# Introduction to variational inference

[![Open In Colab](https://colab.research.google.com/assets/colab-badge.svg)](https://colab.research.google.com/github/catniplab/latent_dynamics_workshop/blob/main/02_variational_inference_intuition.ipynb)

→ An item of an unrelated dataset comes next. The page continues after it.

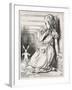 Alice and the White-John Tenniel-Framed Giclee Print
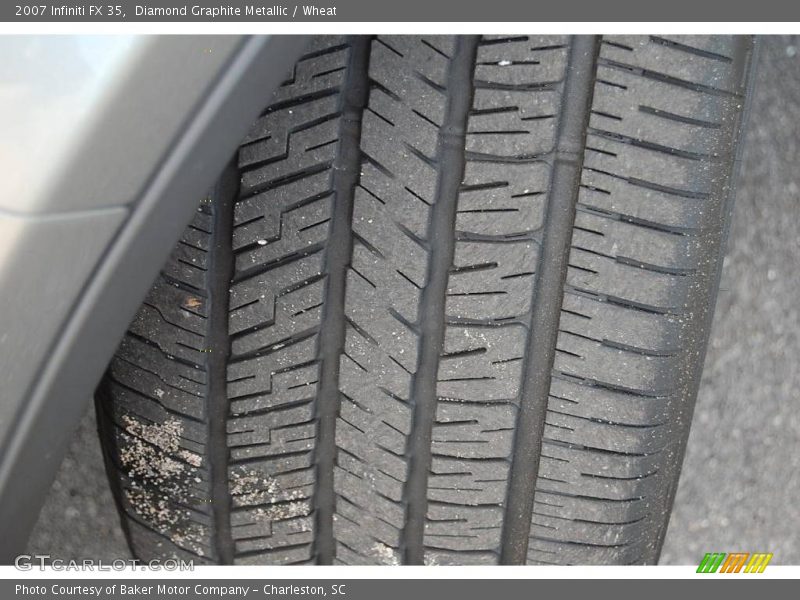 Diamond Graphite Metallic / Wheat 2007 Infiniti FX 35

Given a probabilistic model where the joint distribution of latent states $x$ and observation $y$ is given by,
$ p(y,x) = p(y|x)p(x) $, we would like to infer the posterior distribution,
$$ p(x|y) = \frac{p(x,y)}{p(y)} \propto p(y|x)p(x) $$

Let's use a 1-D grid to evaluate these distributions.

In [None]:
import numpy as np
import matplotlib.pyplot as plt
import torch

xr = np.linspace(-10., 10., 201)
dx = xr[1] - xr[0]

likelihood = np.exp(-(xr - 2)**2/6)
likelihood /= sum(likelihood) * dx

#prior = np.array(xr < 0).astype(float) + np.array(xr >= 0).astype(float) * 0.1
prior = np.exp(-np.abs(xr)/3)
prior /= sum(prior) * dx

# Bayes Rule - note that this approximate inference on a grid doesn't scale to high-dim
posterior = prior * likelihood
posterior /= sum(posterior) * dx

plt.plot(xr, likelihood, label="p(y|x) likelihood")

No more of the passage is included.